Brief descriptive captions
**********

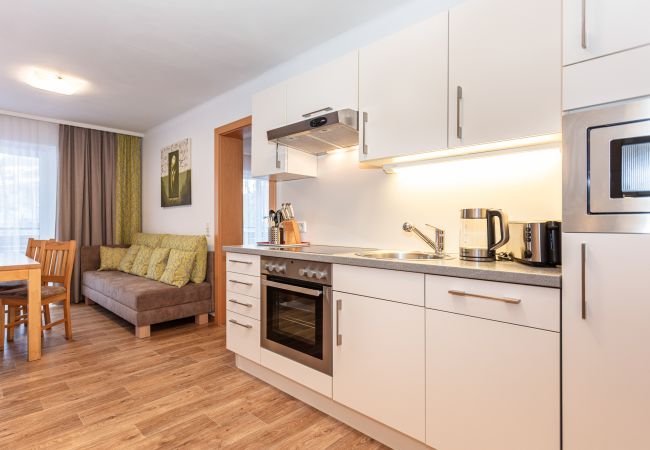 Appartement in Saalbach - Appartements Hollin - Top 1 Appartement in Saalbach - Appartements Hollin - Top 1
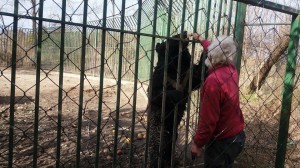 Kavezi dobro obezbedjeni FOTO Marija Balabanovic Sremske novine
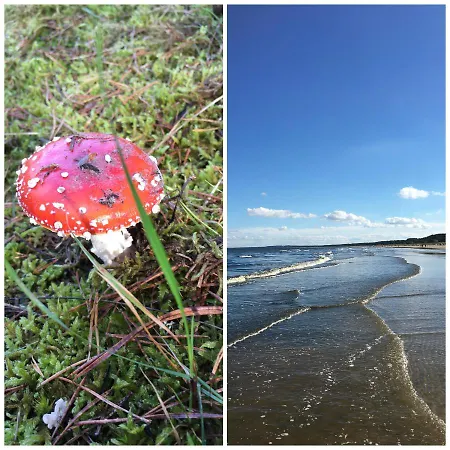 Hébergement de vacances Mit Terrasse - Insel Usedom Trassenheide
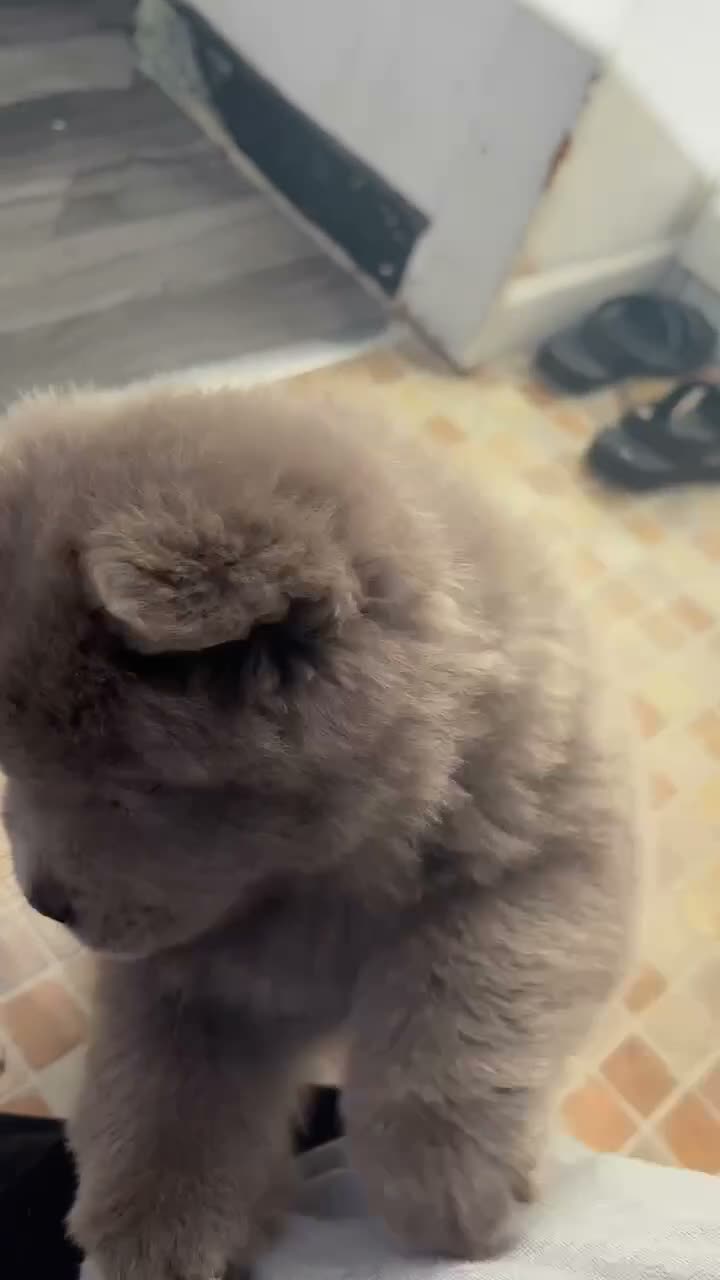 Chow Chow dogs for sale: Chow chow puppy in Stoke-on-Trent - Video 1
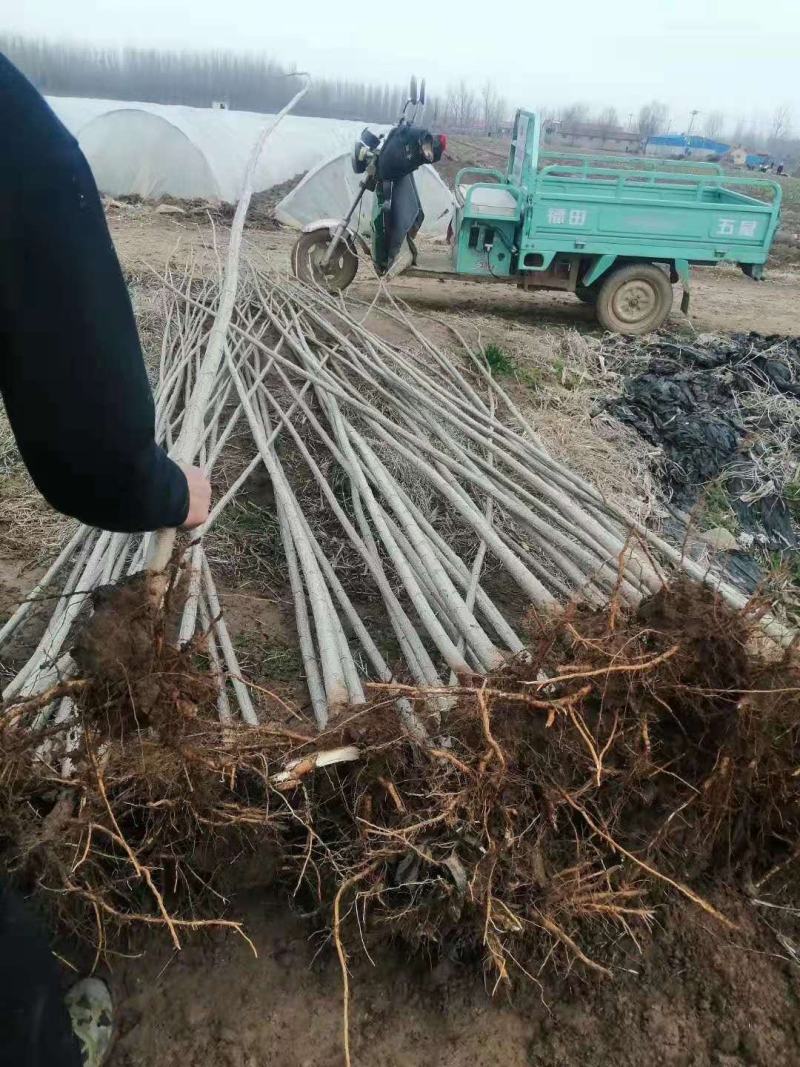 白杨树苗大量供应产地直销一手货源全国各地物流班车发货质量
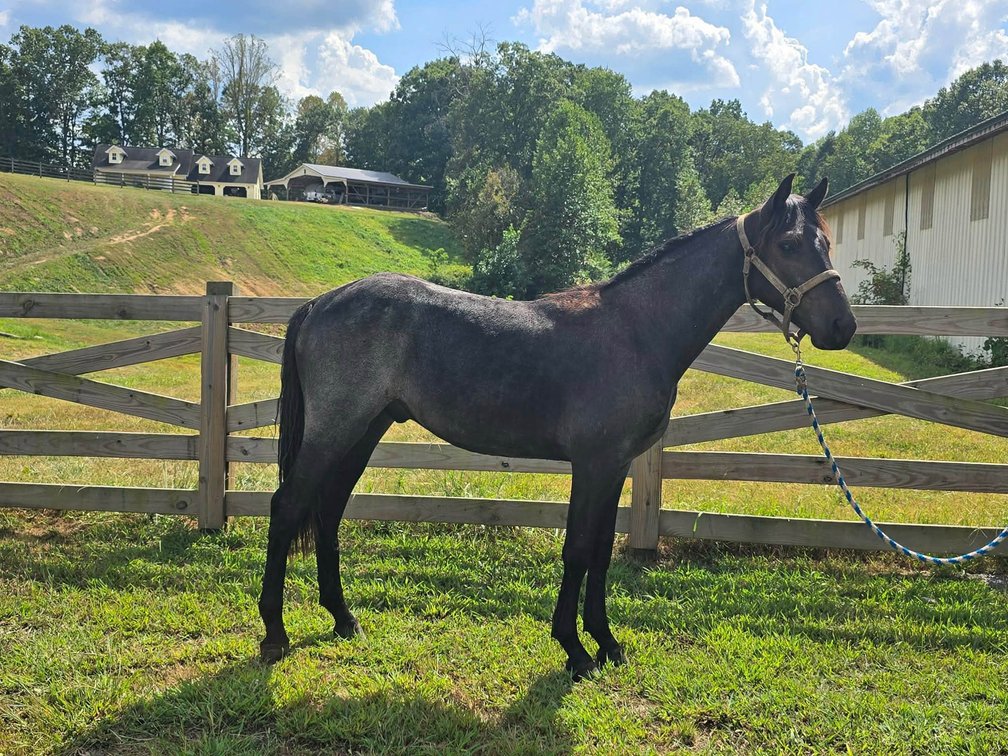 GHM Brumfield Bruiser (VIDEO)
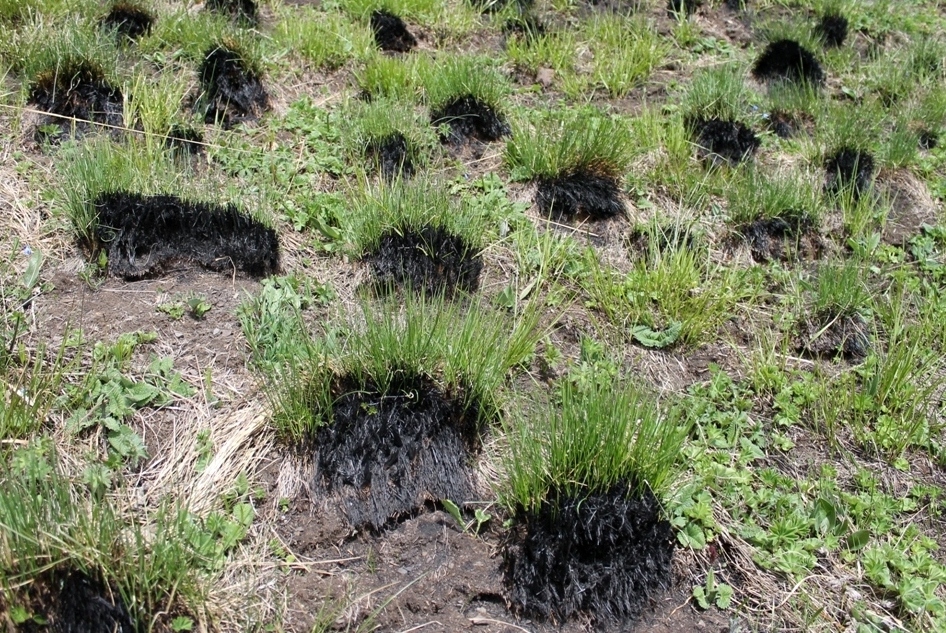 Image of Festuca woronowii specimen.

**********

◆ **What is needed**
From the line containing "Kavezi dobro obezbedjeni" to the last line of the records above, return each line exactly, both ends included, and nothing more. Leave out the pictures.

◆ **Solution to this task**
 Kavezi dobro obezbedjeni FOTO Marija Balabanovic Sremske novine
 Hébergement de vacances Mit Terrasse - Insel Usedom Trassenheide
 Chow Chow dogs for sale: Chow chow puppy in Stoke-on-Trent - Video 1
 白杨树苗大量供应产地直销一手货源全国各地物流班车发货质量
 GHM Brumfield Bruiser (VIDEO)
 Image of Festuca woronowii specimen.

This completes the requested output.